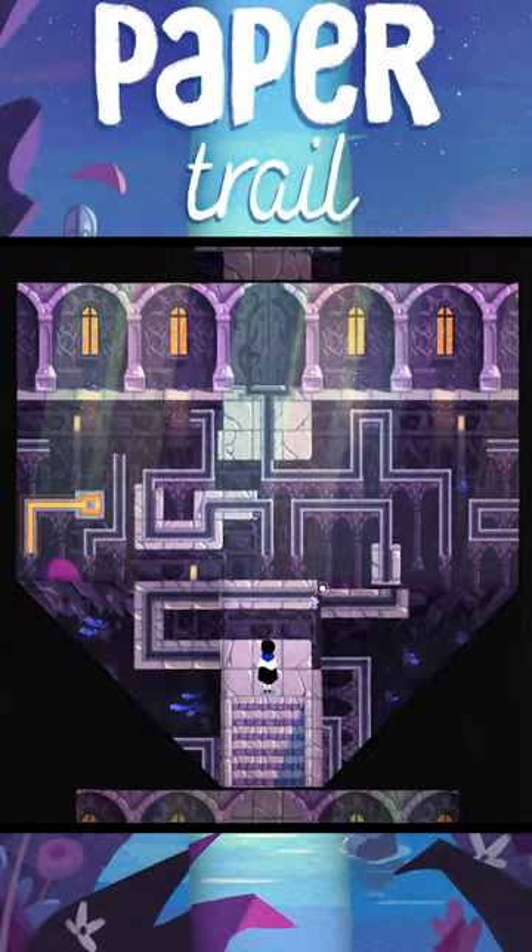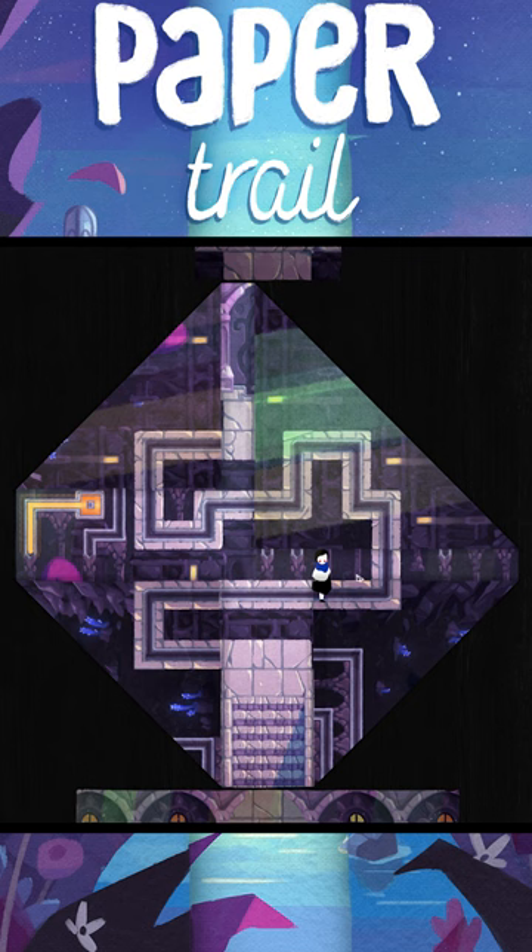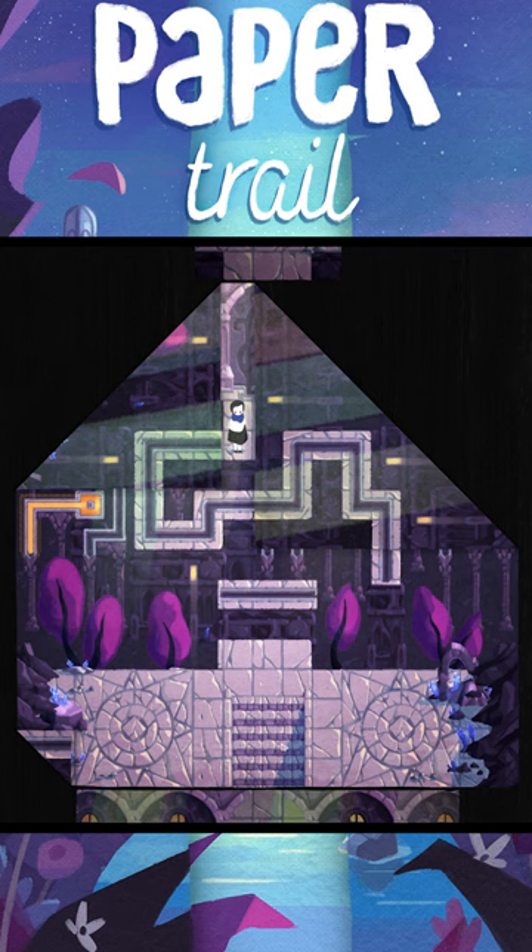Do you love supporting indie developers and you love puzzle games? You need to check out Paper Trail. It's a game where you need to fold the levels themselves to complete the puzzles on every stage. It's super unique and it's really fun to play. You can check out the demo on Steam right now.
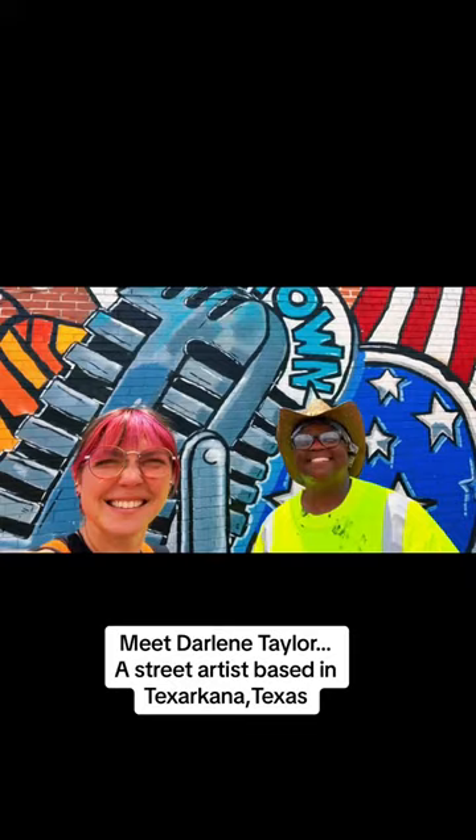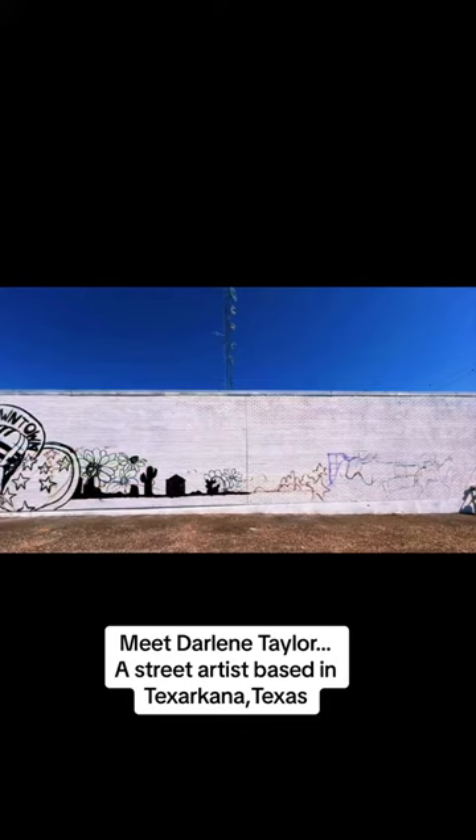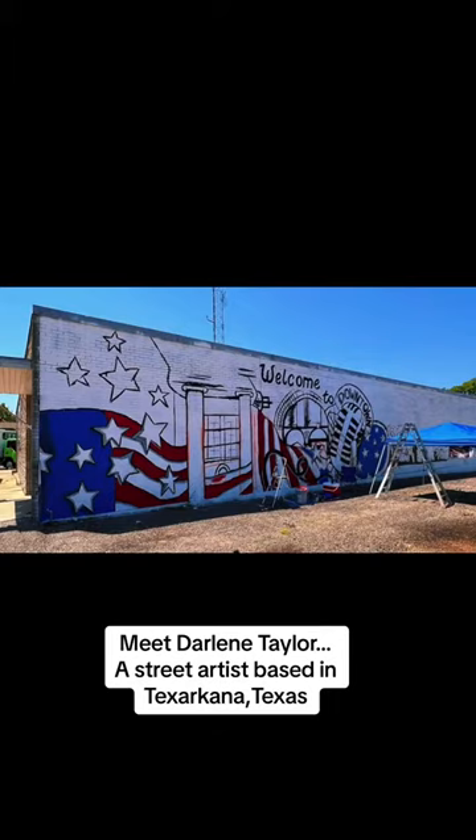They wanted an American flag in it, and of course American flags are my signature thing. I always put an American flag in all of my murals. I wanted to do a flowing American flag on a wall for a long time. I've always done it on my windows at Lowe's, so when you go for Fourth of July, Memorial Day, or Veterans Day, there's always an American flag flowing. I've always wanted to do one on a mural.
• • • • • • •
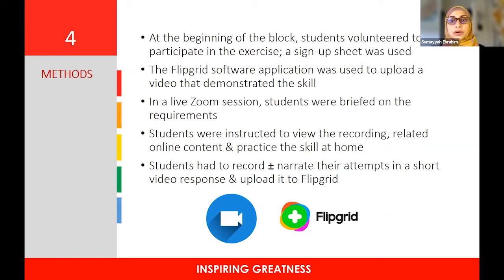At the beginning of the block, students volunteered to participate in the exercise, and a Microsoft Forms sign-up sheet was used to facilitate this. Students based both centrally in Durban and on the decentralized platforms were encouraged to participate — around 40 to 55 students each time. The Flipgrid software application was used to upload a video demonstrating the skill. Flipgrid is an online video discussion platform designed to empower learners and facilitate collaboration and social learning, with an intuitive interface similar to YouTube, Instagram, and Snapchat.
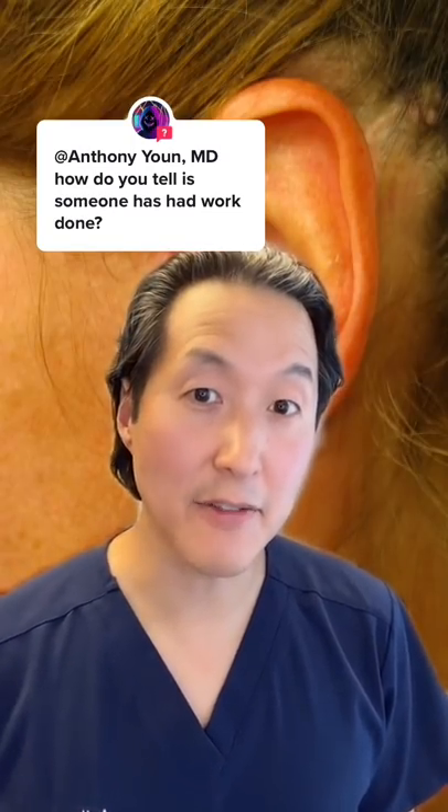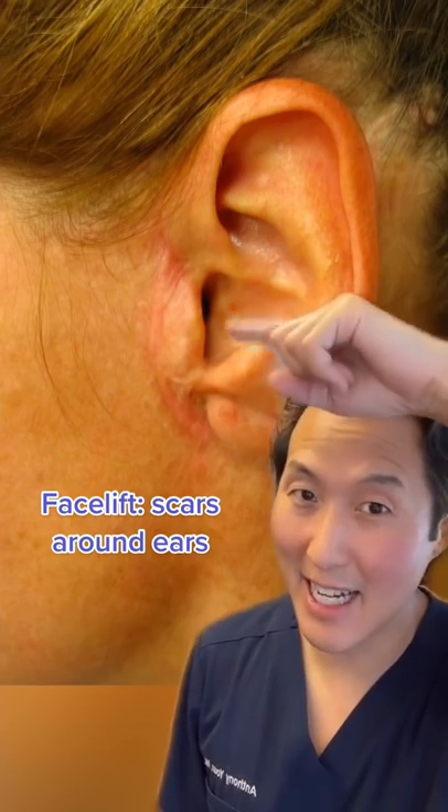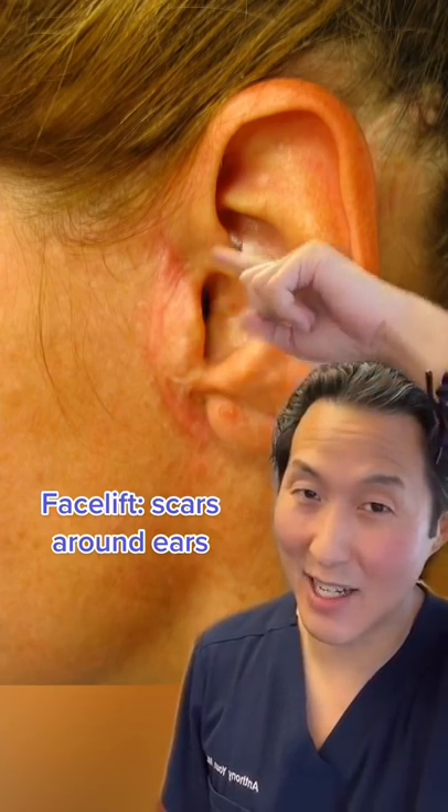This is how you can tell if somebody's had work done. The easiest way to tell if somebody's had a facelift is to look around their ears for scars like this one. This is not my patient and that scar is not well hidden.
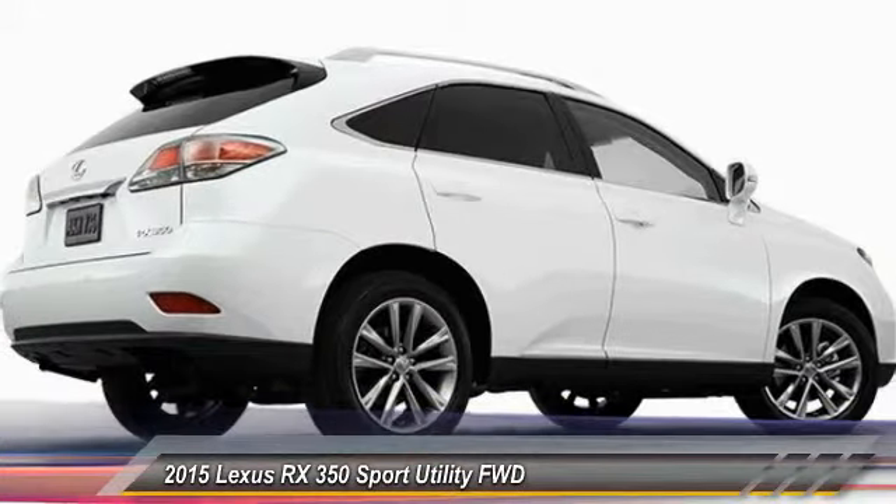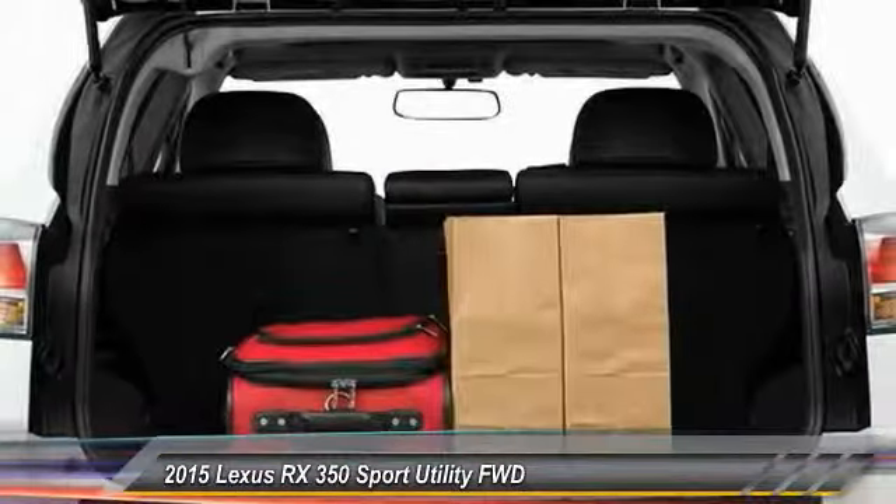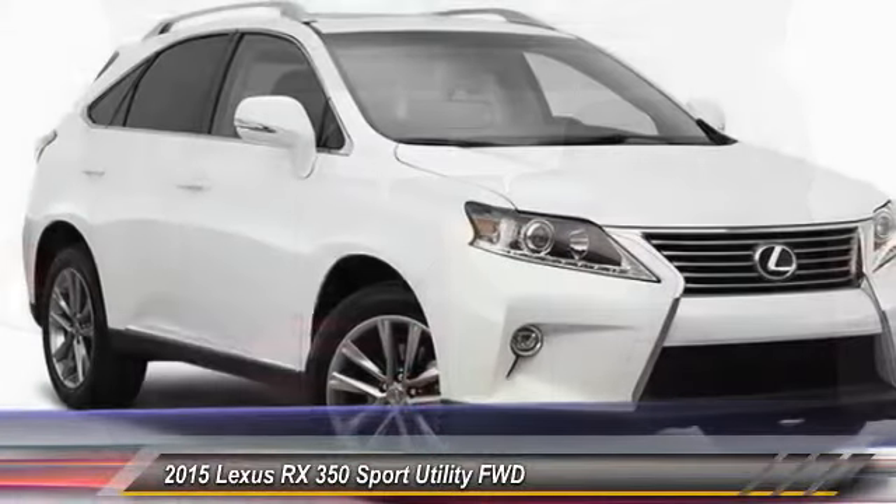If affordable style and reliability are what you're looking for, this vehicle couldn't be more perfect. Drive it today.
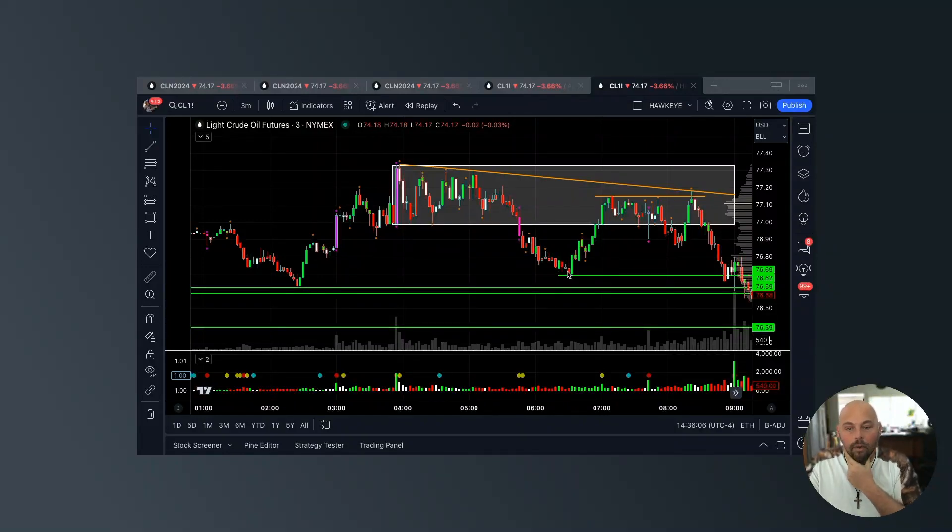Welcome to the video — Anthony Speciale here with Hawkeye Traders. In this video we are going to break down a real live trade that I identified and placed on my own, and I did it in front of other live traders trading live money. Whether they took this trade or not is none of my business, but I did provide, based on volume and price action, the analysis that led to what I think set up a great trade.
• • • • • • •
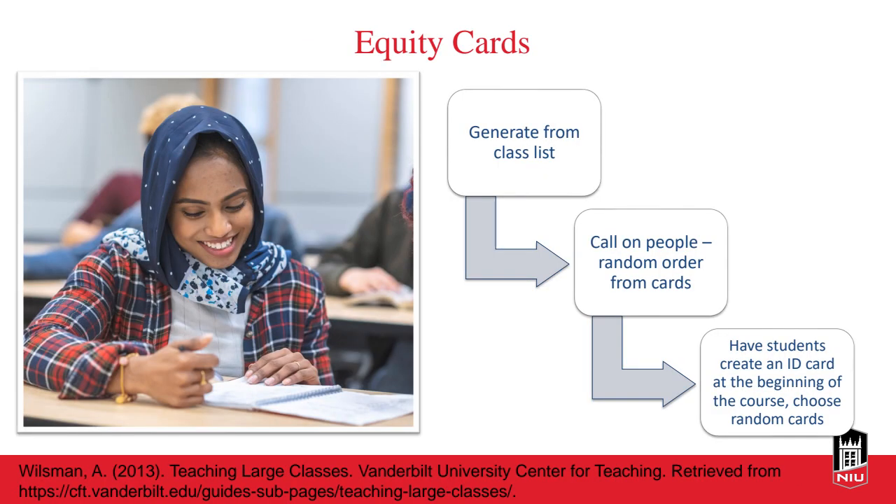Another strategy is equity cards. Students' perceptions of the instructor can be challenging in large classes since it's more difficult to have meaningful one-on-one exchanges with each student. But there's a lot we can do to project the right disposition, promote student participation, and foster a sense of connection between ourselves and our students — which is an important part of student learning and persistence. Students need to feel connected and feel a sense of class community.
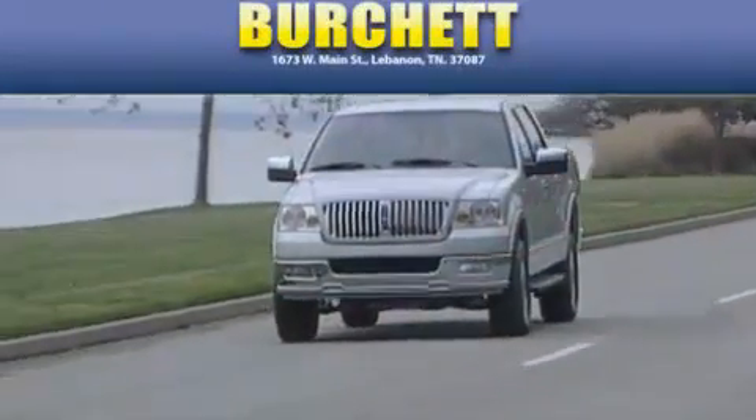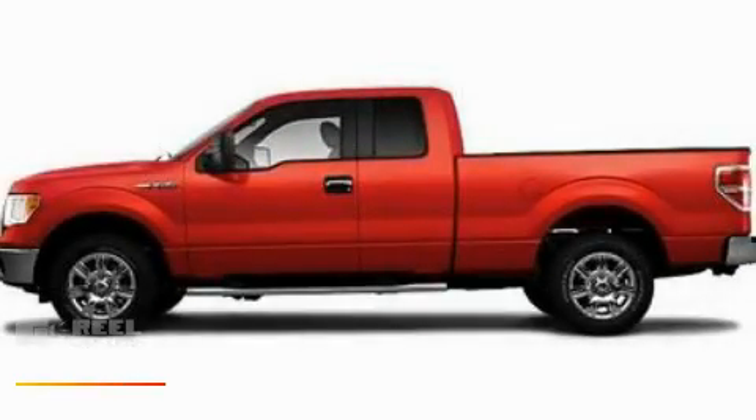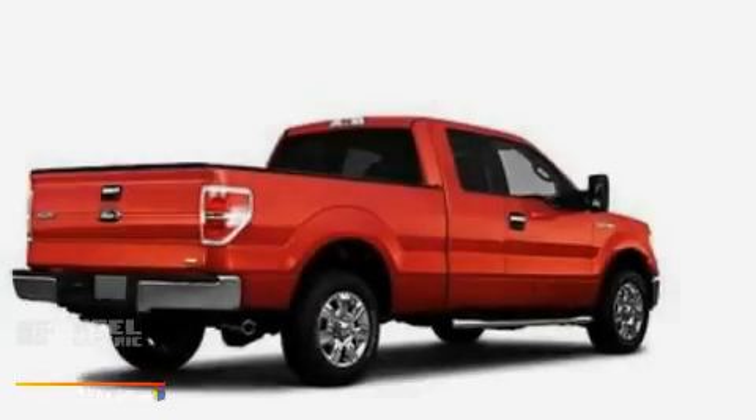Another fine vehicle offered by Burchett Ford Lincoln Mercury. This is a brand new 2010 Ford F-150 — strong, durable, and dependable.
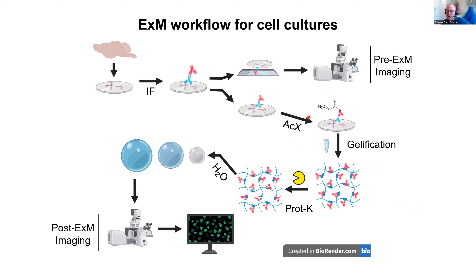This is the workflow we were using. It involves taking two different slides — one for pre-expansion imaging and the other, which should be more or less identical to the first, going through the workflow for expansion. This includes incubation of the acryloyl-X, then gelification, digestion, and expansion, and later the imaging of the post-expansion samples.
• • • • • • •
# ACTIVITY
The result should be an exact copy of only the lines above from the one that holds "If affordable style" through the one that holds "Welcome to the", both ends included, without pictures.

# SOLVED EXERCISE
If affordable style and reliability are what you're looking for, this vehicle couldn't be more perfect. Drive it today.
Welcome to the video — Anthony Speciale here with Hawkeye Traders. In this video we are going to break down a real live trade that I identified and placed on my own, and I did it in front of other live traders trading live money. Whether they took this trade or not is none of my business, but I did provide, based on volume and price action, the analysis that led to what I think set up a great trade.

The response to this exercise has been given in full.